While all officials agreed to hold rates steady in July, the minutes showed that "several" policymakers believed there was a strong case for a quarter-point cut in July, or that they could have supported such a decision had it been proposed.
However, a shrinking group of policymakers cautioned that premature easing could reignite inflation. Jamie Cox, managing partner at Harris Financial Group, stated, "The Fed minutes removed all doubt about a September rate cut," adding that the Fed’s communication strategy aims to reduce the market-moving impact of its meetings.
As the Fed continues to rely on data to guide its rate decisions, analysts are already considering the scope and aggressiveness of potential cuts. Evercore ISI analysts suggested that Fed Chair Jerome Powell might guide the Committee toward three consecutive 25-basis-point cuts through the end of the year, with a "reasonably low bar" for considering half-point cuts if the job market weakens further.

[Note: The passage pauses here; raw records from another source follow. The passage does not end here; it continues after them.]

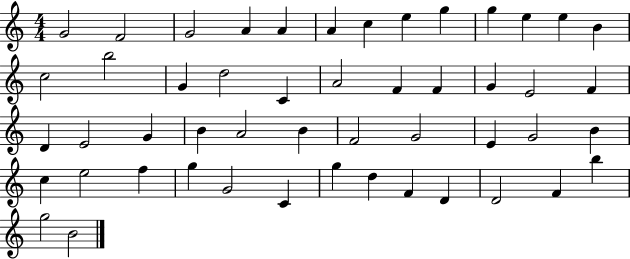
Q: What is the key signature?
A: C major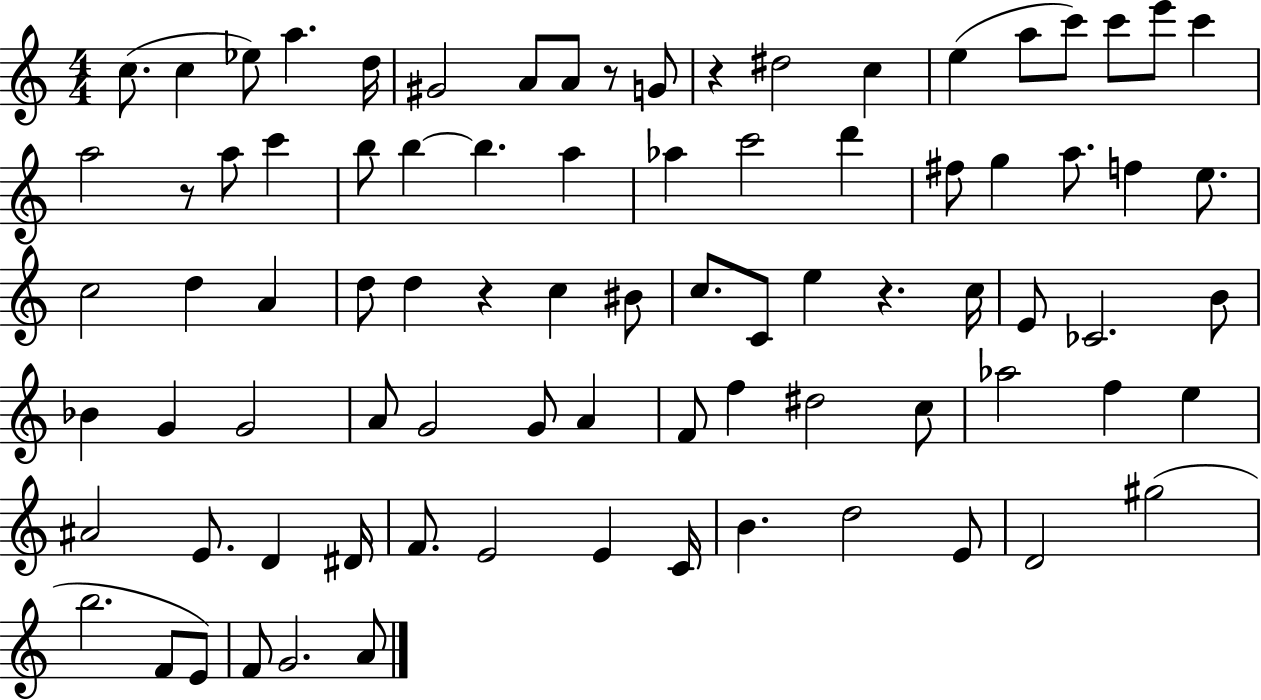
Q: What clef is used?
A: treble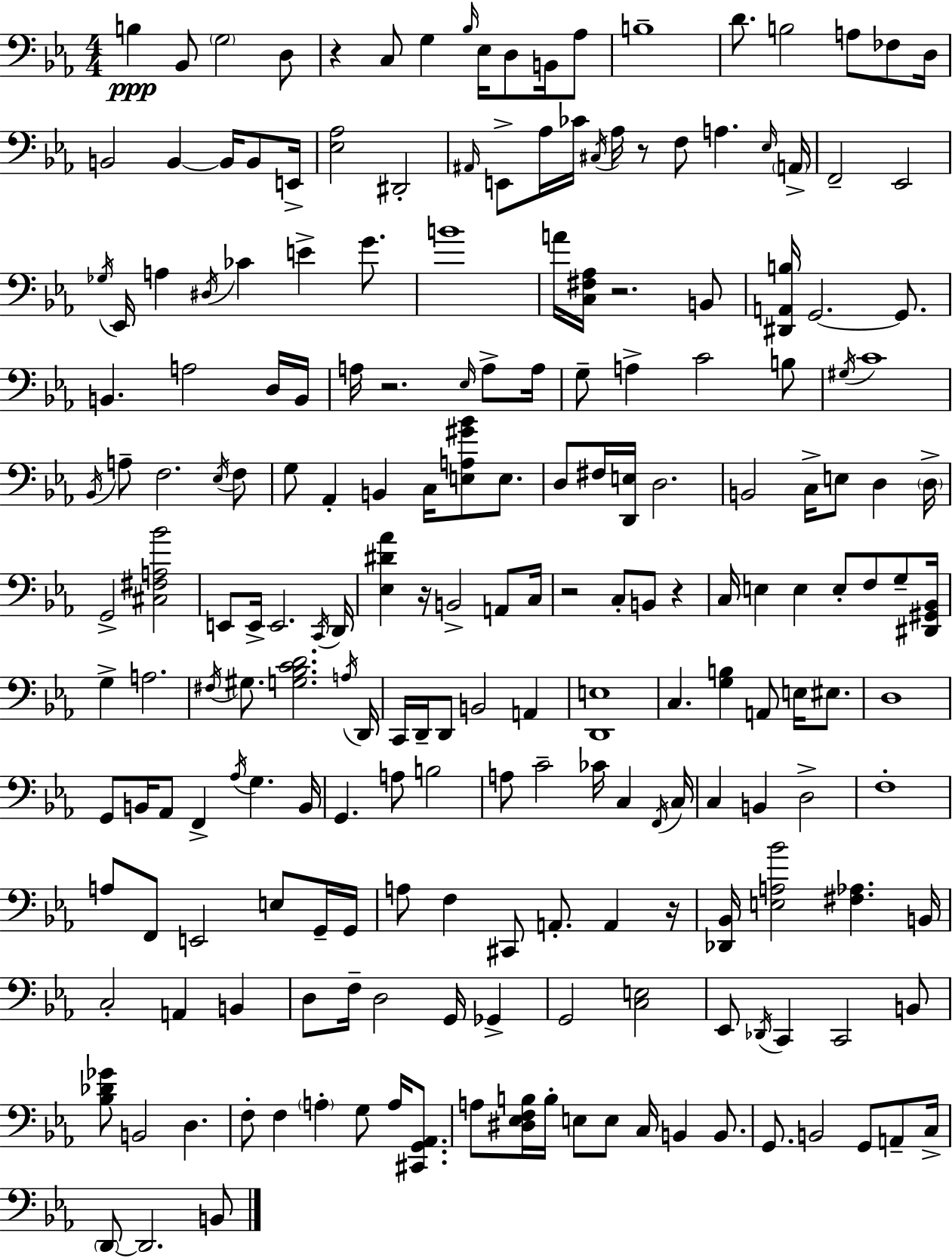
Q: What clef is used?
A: bass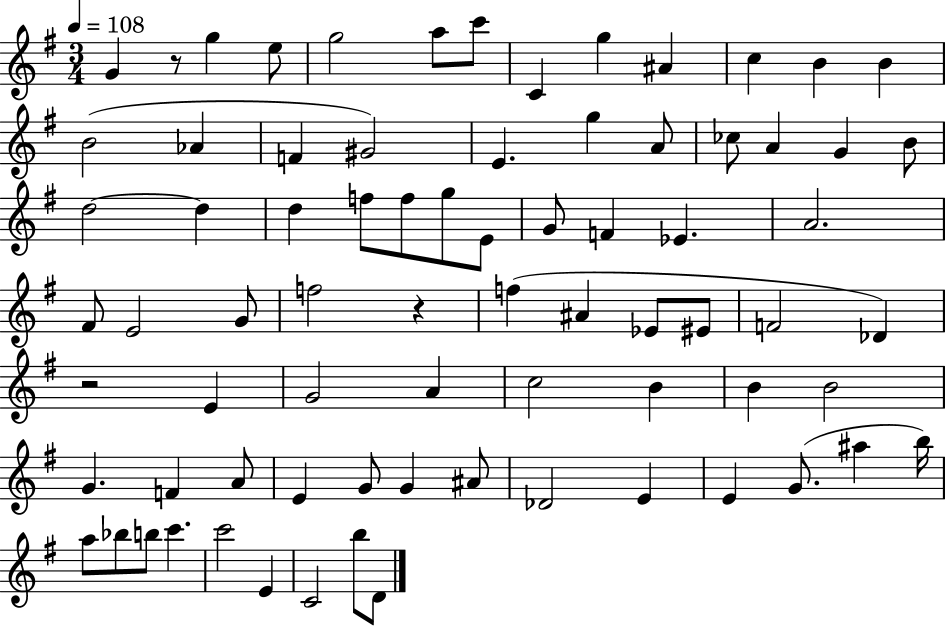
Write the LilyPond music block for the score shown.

{
  \clef treble
  \numericTimeSignature
  \time 3/4
  \key g \major
  \tempo 4 = 108
  \repeat volta 2 { g'4 r8 g''4 e''8 | g''2 a''8 c'''8 | c'4 g''4 ais'4 | c''4 b'4 b'4 | \break b'2( aes'4 | f'4 gis'2) | e'4. g''4 a'8 | ces''8 a'4 g'4 b'8 | \break d''2~~ d''4 | d''4 f''8 f''8 g''8 e'8 | g'8 f'4 ees'4. | a'2. | \break fis'8 e'2 g'8 | f''2 r4 | f''4( ais'4 ees'8 eis'8 | f'2 des'4) | \break r2 e'4 | g'2 a'4 | c''2 b'4 | b'4 b'2 | \break g'4. f'4 a'8 | e'4 g'8 g'4 ais'8 | des'2 e'4 | e'4 g'8.( ais''4 b''16) | \break a''8 bes''8 b''8 c'''4. | c'''2 e'4 | c'2 b''8 d'8 | } \bar "|."
}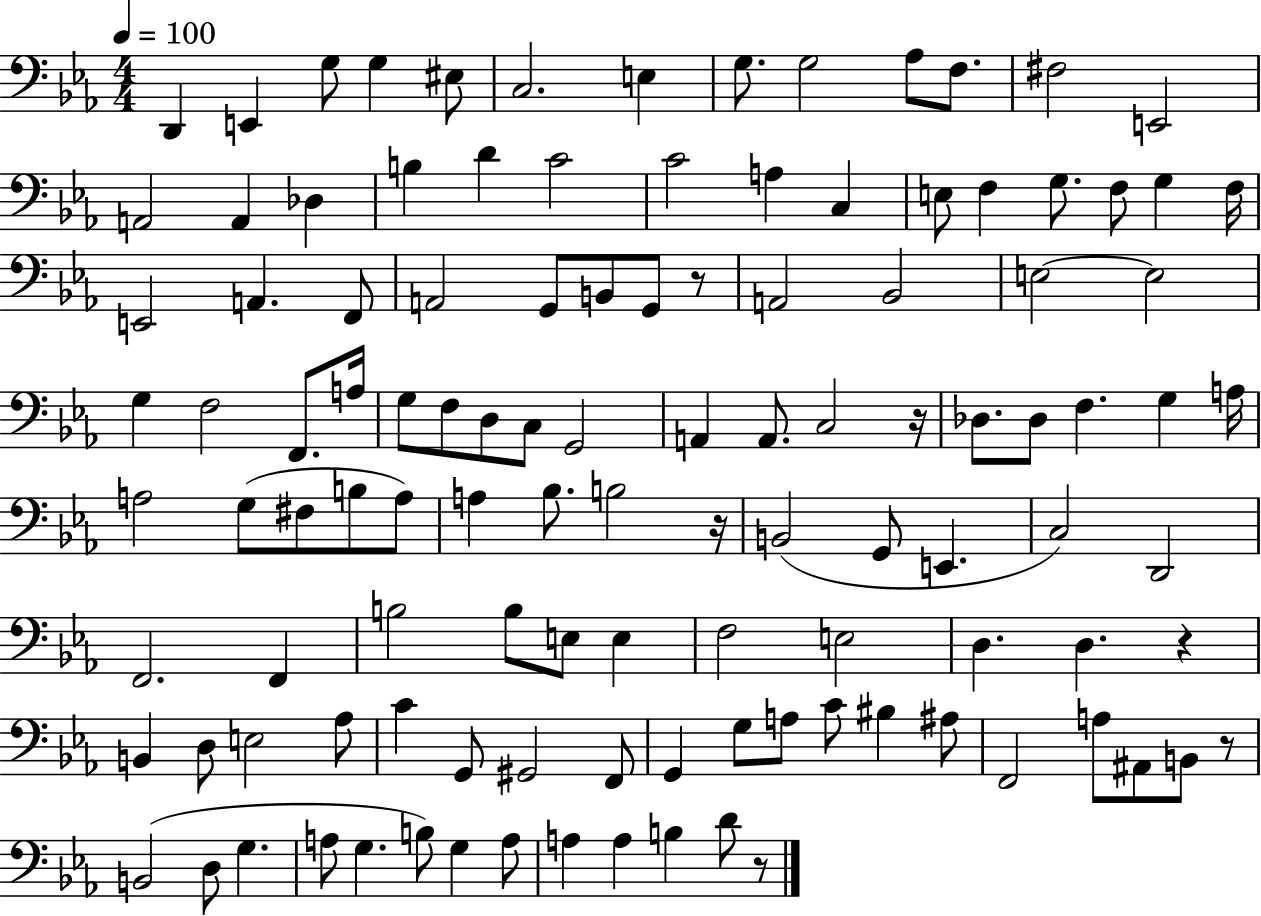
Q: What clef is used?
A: bass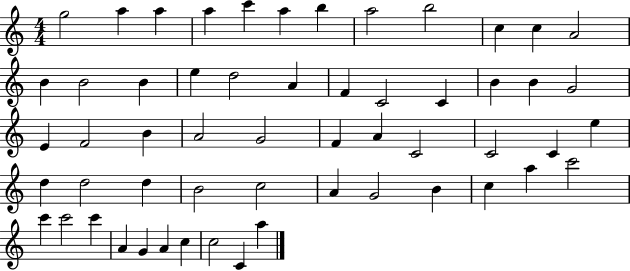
{
  \clef treble
  \numericTimeSignature
  \time 4/4
  \key c \major
  g''2 a''4 a''4 | a''4 c'''4 a''4 b''4 | a''2 b''2 | c''4 c''4 a'2 | \break b'4 b'2 b'4 | e''4 d''2 a'4 | f'4 c'2 c'4 | b'4 b'4 g'2 | \break e'4 f'2 b'4 | a'2 g'2 | f'4 a'4 c'2 | c'2 c'4 e''4 | \break d''4 d''2 d''4 | b'2 c''2 | a'4 g'2 b'4 | c''4 a''4 c'''2 | \break c'''4 c'''2 c'''4 | a'4 g'4 a'4 c''4 | c''2 c'4 a''4 | \bar "|."
}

The rationale for rate cuts is supported by declining inflation pressures and growing concerns about the labor market, particularly after recent data showed an increase in the unemployment rate. The jobless rate, which had dropped to 3.4% early last year, has since climbed to 4.3% as of last month, intensifying the debate over rate reductions and leading some analysts to argue for a half-point cut in September.
The minutes described the job market as "strong but not overheated," noting that it has largely returned to its pre-pandemic state. Despite this, markets reacted mildly to the release of the minutes, with stocks rising modestly and bond yields falling. Fed funds futures showed a slight decrease in the probability of a quarter-point cut in September and a slight increase in the odds of a half-point cut.
Fed Chair Powell hinted at the possible outlook after the July meeting, stating that a policy rate reduction could be on the table in September if economic data aligns with the Fed’s expectations.
Concerns about the labor market may have been reinforced by the Labor Department's recent estimate that there were 818,000 fewer payroll jobs in March than previously reported, a revision noted in the minutes. This suggests that the economy may not need to add as many new jobs each month to maintain a steady unemployment rate.
The minutes also indicated that a "majority" of Fed officials now see increased risks to the job market while perceiving reduced risks to inflation. The current unemployment rate is already above the 4% level projected by Fed officials for this year and the 4.2% forecasted for the end of next year.
Fed Chair Powell is expected to provide further insights on the monetary policy outlook during his speech at the Kansas City Fed's annual research conference in Jackson Hole, Wyoming, this Friday, where several other Fed officials are also expected to share their views. Another key moment for the policy outlook will come in early September with the release of the U.S. Labor Department’s August employment report.